Beside him, a skinny metal fairy hunched, his deformed spine twisting like his jagged-toothed smile. Rust rotted his stubby ironfeathered wings. His skin gleamed dusty pewter, his hair lank and bronze, his long limbs emaciated like muscled wire. Metal bracelets decorated his wrists, the rusty barbs drawing dark hematite blood.
Silvery drool slipped from his misshapen lips, and he wiped it away with deft crooked fingers. He caught my gaze, one eye blue, the other muddy green, and dropped me a sly golden-lashed wink.
I scowled, my stomach rich with disgust. Iridium, another of our dead boss’s leftovers, assassin and threatmonger, an unsettling metal monster who liked watching people hurt. With the Valentis gunning for us, we needed all the friends we could get, but for me, Iridium took far too much pleasure in his work.
Some say Iridium’s an artist. Joey doesn’t trust him, but says he’s necessary.
If you ask me, Iridium’s a fucking psychopath.
The willowy bronze earthfae girl Joey spoke to slid a chunk of cash onto the table—her drug trade, it’s either us or Sonny Valenti, and we don’t smash your knuckles to a bloody mess with quite so much relish.
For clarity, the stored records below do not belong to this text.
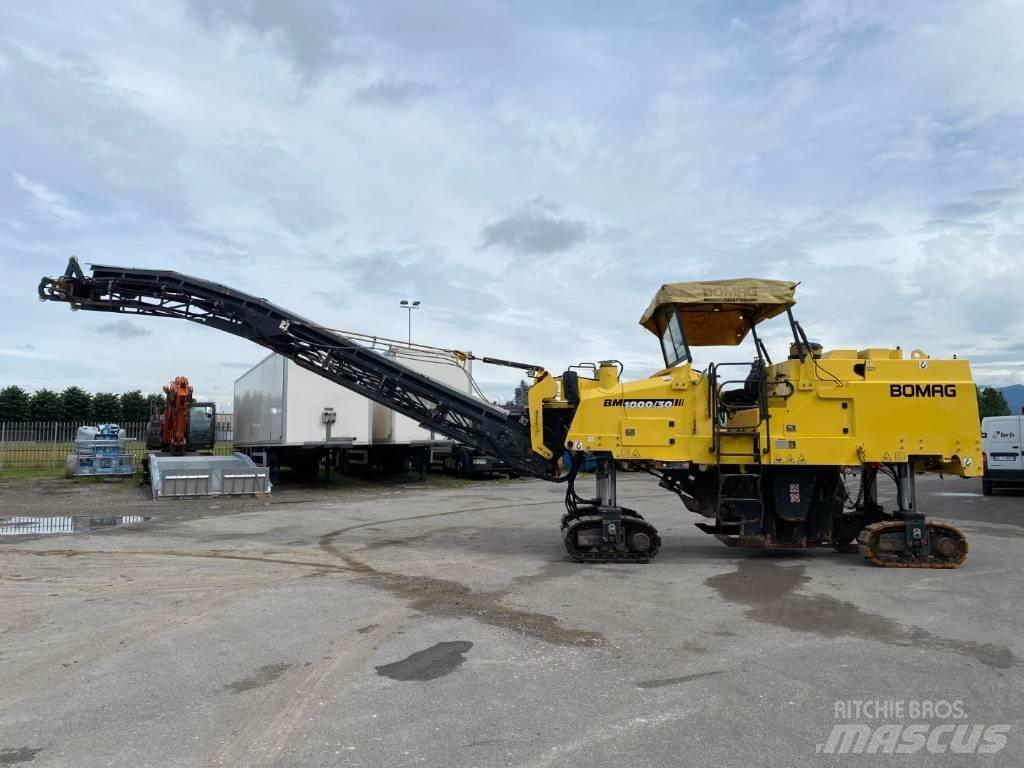 Bomag BM 1000/30 Frezarki do asfaltu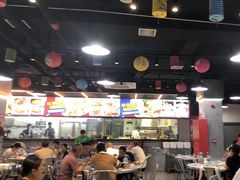 -明本海鲜大排档·鱼生海鲜烧烤宵夜(陈家祠店)
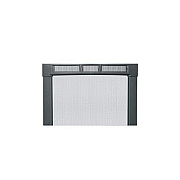Middle Atlantic Products 25sp,curved Vented Fr Dr (VFD25A)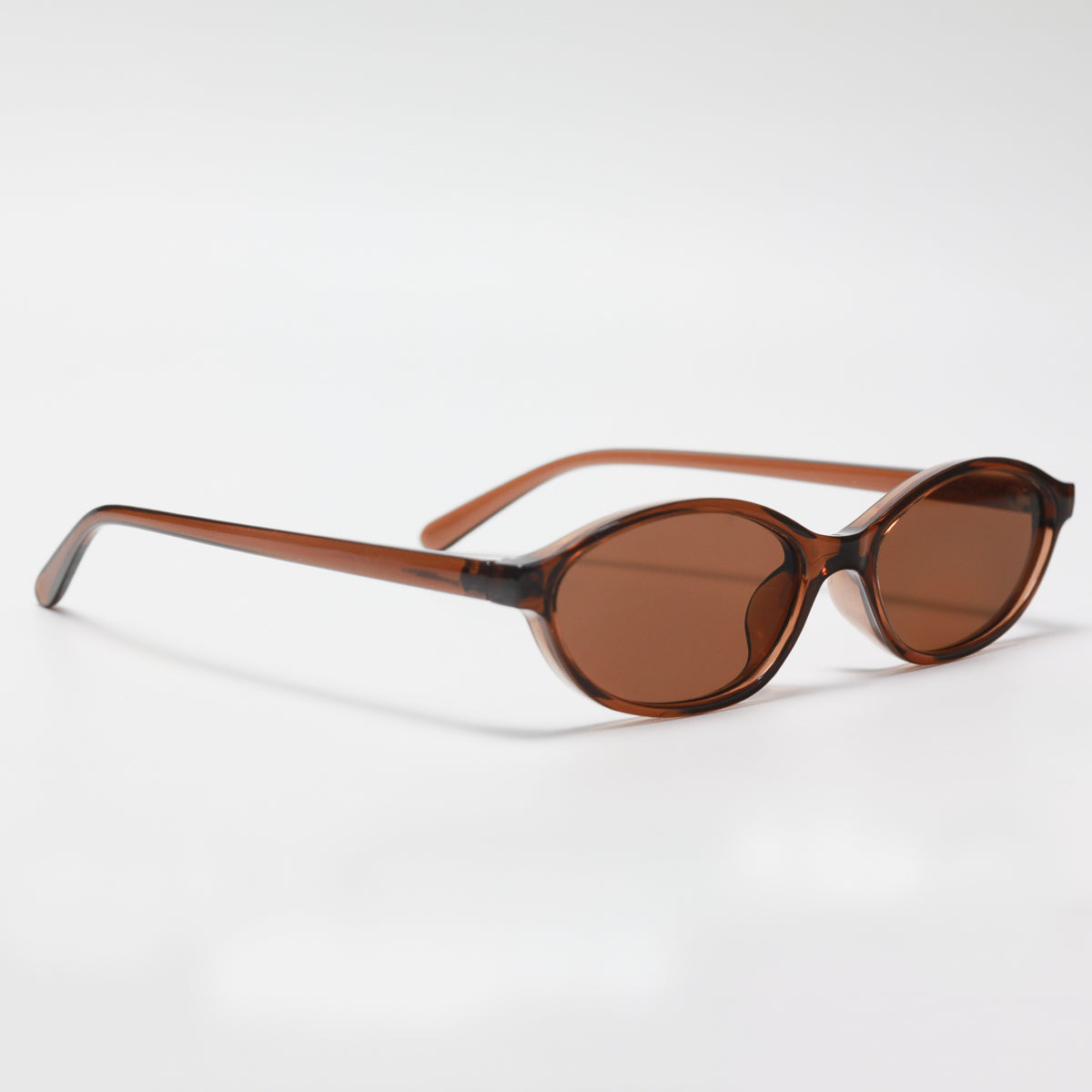 Shadygators Situationship Brown Sunglasses – view 3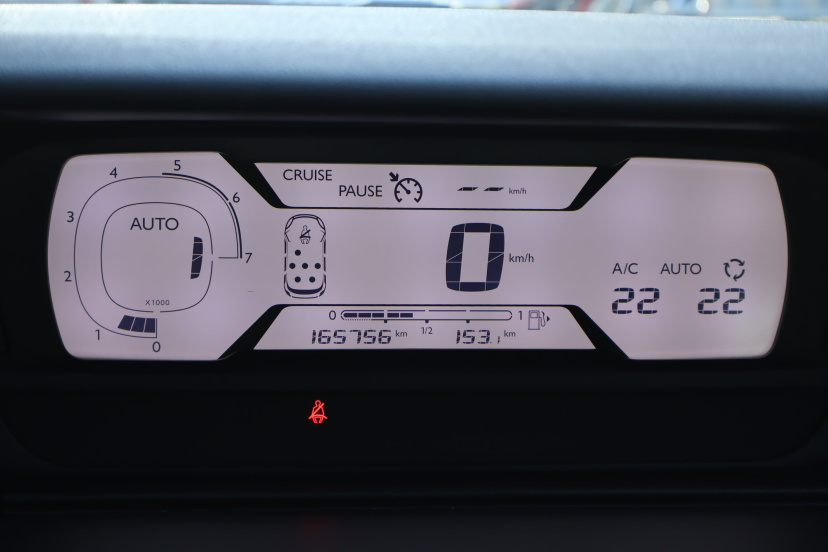 Citroen C4 Grand Picasso, 2015
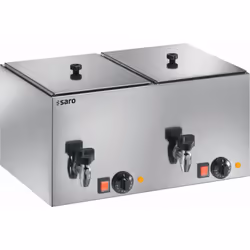 Saro HD 200, 1000 W, 230 V, 50 Hz, Acier inoxydable, Acier inoxydable, 560 mm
Joey cut her share back to her and made the rest disappear.
She blushed and stammered something in reply, her dusky golden wings flushing dark.
Iridium giggled, rusty, and I resisted a jealous yowl. The boss’s charm was hard-earned. I didn’t want it wasted on her.
I tried to concentrate on the crowd, but invisible magnets constantly yanked my eyeballs back to Joey. I liked watching him, watching him move his body, now touching hands briefly with a wild-haired waterfae courier. Talented hands, fluid like a pianist’s, his voice’s soft timbres sliding between the music’s dark frequencies like a velvet caress. The eeriest thing about the boss is his flawless skin. Every time he shifted, it remade itself.
Not that I’ve ever seen him, beyond the fingerwebs and the fangs and that one time a few weeks ago when we needed to sniff out a bunch of murdering fairies and he . . .
I squirmed, the memory of that smooth black skin hot and arousing.
Never mind that. Brain on the job, please.
If they got to him because my mind wallowed in the gutter, he’d be just as dead.
I scraped sweaty hair from my neck and reefed my gaze back to the crowd. The band started another set, and the screeching melody of frenetic cymbals and pissed-off guitars vibrated sweetly in my flesh. A shifty green spriggan eyed me off, leathery skin gleaming, black hair sticking up like a wirebrush between pointed ears heavy with golden rings. His dirty jeans were tight and torn over one scrawnymuscled thigh. His black T-shirt read
I’M MEAN BECAUSE YOU’RE
STUPID
, and his round belly stretched the letters out of shape.
I scowled at him until he looked away. I don’t like spriggans. Too many bad memories, bad breath and wicked teeth and horny yellow claws. Call me racist, but I never met a spriggan I didn’t want to murder.